» **Recorded data**
↓

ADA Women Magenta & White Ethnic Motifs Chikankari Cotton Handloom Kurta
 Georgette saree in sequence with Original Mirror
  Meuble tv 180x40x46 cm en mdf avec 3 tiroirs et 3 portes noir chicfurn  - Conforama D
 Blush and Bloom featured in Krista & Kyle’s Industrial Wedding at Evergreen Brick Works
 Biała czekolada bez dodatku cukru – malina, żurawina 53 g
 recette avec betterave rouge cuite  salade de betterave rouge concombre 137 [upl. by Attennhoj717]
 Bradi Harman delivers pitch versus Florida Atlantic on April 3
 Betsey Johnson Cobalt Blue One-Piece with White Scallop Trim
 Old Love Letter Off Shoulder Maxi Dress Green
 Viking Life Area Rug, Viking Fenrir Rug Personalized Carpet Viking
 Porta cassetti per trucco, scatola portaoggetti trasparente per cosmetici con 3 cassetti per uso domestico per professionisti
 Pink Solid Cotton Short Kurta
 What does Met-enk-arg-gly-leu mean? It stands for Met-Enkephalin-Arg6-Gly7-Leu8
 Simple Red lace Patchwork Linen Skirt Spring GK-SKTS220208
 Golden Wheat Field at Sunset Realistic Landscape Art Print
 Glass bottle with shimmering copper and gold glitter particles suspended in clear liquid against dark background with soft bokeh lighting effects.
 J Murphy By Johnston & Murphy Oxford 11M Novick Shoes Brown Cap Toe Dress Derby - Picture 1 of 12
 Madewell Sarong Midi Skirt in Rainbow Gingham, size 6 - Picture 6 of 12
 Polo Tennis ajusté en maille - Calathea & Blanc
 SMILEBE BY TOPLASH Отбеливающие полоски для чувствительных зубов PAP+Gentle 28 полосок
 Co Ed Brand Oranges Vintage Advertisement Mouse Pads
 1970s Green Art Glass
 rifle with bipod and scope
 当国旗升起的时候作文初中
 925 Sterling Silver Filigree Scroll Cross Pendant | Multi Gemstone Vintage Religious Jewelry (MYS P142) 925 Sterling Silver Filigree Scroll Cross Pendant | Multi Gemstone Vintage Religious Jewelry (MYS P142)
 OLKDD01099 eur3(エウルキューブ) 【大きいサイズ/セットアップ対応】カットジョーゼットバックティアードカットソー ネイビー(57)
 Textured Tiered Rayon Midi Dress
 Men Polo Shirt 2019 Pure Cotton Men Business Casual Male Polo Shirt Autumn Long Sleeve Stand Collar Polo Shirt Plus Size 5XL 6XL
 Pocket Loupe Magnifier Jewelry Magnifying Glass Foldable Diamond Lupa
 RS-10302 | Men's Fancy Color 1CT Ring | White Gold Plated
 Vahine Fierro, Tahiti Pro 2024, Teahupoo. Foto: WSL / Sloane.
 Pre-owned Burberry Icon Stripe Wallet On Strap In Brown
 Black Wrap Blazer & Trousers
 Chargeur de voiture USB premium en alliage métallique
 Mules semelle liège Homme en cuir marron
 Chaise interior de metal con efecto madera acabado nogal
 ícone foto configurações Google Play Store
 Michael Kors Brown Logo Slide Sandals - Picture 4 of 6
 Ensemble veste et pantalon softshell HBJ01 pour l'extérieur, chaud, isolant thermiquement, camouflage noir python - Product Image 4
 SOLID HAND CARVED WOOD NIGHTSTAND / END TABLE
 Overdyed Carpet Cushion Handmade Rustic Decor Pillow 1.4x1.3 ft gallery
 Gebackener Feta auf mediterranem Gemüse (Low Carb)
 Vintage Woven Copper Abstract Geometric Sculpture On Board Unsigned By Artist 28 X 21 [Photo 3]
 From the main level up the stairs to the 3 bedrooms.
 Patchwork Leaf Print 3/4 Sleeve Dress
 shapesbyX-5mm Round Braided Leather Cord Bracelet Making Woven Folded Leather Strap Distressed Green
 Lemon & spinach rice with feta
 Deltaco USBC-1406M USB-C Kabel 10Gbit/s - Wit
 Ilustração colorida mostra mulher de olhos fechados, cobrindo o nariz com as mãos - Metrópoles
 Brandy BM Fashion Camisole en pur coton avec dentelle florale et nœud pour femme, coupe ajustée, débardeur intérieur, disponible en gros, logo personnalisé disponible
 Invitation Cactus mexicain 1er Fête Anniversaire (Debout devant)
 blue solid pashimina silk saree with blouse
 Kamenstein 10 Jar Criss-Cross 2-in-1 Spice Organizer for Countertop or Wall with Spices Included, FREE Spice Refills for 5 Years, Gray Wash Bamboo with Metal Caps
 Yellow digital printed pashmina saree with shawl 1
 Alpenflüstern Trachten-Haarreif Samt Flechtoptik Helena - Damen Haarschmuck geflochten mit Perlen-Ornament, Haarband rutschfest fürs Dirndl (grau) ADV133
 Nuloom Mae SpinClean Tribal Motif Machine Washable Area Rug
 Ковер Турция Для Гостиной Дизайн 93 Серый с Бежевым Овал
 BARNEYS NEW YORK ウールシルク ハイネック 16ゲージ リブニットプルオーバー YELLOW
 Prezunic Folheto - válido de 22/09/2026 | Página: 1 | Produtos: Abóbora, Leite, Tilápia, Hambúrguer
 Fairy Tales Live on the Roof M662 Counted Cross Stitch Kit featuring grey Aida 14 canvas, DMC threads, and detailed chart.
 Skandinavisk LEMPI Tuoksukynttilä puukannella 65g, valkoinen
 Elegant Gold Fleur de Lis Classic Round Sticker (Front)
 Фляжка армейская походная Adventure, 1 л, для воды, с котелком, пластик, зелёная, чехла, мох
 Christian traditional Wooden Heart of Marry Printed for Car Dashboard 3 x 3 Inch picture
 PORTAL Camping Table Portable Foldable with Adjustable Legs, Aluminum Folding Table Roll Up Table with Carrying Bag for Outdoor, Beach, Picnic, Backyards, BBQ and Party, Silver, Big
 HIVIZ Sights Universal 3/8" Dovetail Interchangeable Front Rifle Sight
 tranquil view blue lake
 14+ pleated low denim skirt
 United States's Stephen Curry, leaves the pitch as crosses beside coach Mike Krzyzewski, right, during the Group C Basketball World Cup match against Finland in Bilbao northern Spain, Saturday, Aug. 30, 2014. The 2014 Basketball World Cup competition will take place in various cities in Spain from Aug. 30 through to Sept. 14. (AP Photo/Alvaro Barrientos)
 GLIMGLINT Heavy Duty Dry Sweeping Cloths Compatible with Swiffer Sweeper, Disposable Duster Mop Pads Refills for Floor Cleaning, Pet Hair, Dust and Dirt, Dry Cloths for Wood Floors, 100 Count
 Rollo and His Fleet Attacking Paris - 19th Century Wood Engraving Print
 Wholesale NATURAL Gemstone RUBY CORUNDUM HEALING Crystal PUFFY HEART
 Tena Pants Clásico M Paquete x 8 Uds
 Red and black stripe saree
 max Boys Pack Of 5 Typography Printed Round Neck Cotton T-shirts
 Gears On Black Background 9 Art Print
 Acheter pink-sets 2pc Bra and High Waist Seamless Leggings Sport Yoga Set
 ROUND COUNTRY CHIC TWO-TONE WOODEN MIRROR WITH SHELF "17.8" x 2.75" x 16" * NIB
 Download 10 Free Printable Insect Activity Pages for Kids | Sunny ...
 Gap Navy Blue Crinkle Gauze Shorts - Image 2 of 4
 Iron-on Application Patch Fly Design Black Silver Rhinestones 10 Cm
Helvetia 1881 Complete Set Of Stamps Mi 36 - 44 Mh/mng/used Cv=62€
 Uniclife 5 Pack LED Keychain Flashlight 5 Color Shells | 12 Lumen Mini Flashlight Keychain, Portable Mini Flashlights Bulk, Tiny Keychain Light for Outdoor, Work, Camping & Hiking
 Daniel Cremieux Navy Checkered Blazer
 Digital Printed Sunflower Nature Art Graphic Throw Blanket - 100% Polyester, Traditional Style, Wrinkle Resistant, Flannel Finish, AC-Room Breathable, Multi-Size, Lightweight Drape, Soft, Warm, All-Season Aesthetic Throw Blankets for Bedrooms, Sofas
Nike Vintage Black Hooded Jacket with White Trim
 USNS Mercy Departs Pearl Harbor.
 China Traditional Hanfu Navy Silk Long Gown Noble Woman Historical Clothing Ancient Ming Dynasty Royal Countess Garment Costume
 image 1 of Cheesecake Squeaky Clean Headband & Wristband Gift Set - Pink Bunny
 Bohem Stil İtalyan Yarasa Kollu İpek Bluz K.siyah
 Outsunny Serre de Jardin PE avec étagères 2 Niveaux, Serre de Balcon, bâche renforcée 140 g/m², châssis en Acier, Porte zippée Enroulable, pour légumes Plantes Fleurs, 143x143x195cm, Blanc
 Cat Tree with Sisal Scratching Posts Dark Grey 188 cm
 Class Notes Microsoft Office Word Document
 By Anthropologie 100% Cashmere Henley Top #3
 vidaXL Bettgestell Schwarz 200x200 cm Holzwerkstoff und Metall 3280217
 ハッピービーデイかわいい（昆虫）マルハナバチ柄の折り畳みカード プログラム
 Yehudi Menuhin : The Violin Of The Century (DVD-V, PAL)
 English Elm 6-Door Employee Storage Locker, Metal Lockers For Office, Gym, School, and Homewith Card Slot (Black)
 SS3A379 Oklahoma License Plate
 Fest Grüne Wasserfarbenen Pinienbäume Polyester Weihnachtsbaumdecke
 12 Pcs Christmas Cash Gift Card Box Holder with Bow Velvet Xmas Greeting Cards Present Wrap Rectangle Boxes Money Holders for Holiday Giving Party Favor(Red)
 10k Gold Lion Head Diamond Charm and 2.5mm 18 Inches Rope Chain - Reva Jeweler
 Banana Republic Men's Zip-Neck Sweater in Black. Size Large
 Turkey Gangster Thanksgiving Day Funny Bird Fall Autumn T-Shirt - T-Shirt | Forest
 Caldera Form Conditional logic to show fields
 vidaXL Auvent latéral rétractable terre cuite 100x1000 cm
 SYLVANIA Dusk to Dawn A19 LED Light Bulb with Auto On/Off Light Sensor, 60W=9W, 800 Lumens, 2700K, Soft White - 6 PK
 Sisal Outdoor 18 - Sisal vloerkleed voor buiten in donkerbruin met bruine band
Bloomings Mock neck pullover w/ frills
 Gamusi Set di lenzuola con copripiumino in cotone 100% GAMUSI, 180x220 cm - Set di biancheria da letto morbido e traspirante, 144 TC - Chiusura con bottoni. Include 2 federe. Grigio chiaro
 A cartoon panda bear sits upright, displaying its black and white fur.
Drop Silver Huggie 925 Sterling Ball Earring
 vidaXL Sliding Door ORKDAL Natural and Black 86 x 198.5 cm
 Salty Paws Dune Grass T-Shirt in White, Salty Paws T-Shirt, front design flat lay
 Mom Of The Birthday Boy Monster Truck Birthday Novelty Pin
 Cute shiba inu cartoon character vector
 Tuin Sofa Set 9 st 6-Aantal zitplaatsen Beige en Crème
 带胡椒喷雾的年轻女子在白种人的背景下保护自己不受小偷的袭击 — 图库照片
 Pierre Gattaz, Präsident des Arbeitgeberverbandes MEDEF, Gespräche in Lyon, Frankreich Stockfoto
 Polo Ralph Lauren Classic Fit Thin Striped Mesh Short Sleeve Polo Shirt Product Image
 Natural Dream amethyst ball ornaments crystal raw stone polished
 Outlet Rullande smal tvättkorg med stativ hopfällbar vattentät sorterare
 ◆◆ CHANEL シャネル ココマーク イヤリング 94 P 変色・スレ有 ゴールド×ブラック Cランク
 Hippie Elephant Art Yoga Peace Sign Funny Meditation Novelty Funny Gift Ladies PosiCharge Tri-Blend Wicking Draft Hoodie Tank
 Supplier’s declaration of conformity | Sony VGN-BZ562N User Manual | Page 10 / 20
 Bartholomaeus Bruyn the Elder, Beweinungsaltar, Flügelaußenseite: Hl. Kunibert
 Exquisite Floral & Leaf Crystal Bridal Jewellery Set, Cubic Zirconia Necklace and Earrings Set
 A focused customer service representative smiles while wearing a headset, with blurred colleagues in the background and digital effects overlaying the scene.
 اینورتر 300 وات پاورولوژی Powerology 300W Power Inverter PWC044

↑

» **Directions**
From the opening line of the data above through the line holding "SMILEBE BY TOPLASH", give every line again exactly as it stands.

» **Result**
ADA Women Magenta & White Ethnic Motifs Chikankari Cotton Handloom Kurta
 Georgette saree in sequence with Original Mirror
  Meuble tv 180x40x46 cm en mdf avec 3 tiroirs et 3 portes noir chicfurn  - Conforama D
 Blush and Bloom featured in Krista & Kyle’s Industrial Wedding at Evergreen Brick Works
 Biała czekolada bez dodatku cukru – malina, żurawina 53 g
 recette avec betterave rouge cuite  salade de betterave rouge concombre 137 [upl. by Attennhoj717]
 Bradi Harman delivers pitch versus Florida Atlantic on April 3
 Betsey Johnson Cobalt Blue One-Piece with White Scallop Trim
 Old Love Letter Off Shoulder Maxi Dress Green
 Viking Life Area Rug, Viking Fenrir Rug Personalized Carpet Viking
 Porta cassetti per trucco, scatola portaoggetti trasparente per cosmetici con 3 cassetti per uso domestico per professionisti
 Pink Solid Cotton Short Kurta
 What does Met-enk-arg-gly-leu mean? It stands for Met-Enkephalin-Arg6-Gly7-Leu8
 Simple Red lace Patchwork Linen Skirt Spring GK-SKTS220208
 Golden Wheat Field at Sunset Realistic Landscape Art Print
 Glass bottle with shimmering copper and gold glitter particles suspended in clear liquid against dark background with soft bokeh lighting effects.
 J Murphy By Johnston & Murphy Oxford 11M Novick Shoes Brown Cap Toe Dress Derby - Picture 1 of 12
 Madewell Sarong Midi Skirt in Rainbow Gingham, size 6 - Picture 6 of 12
 Polo Tennis ajusté en maille - Calathea & Blanc
 SMILEBE BY TOPLASH Отбеливающие полоски для чувствительных зубов PAP+Gentle 28 полосок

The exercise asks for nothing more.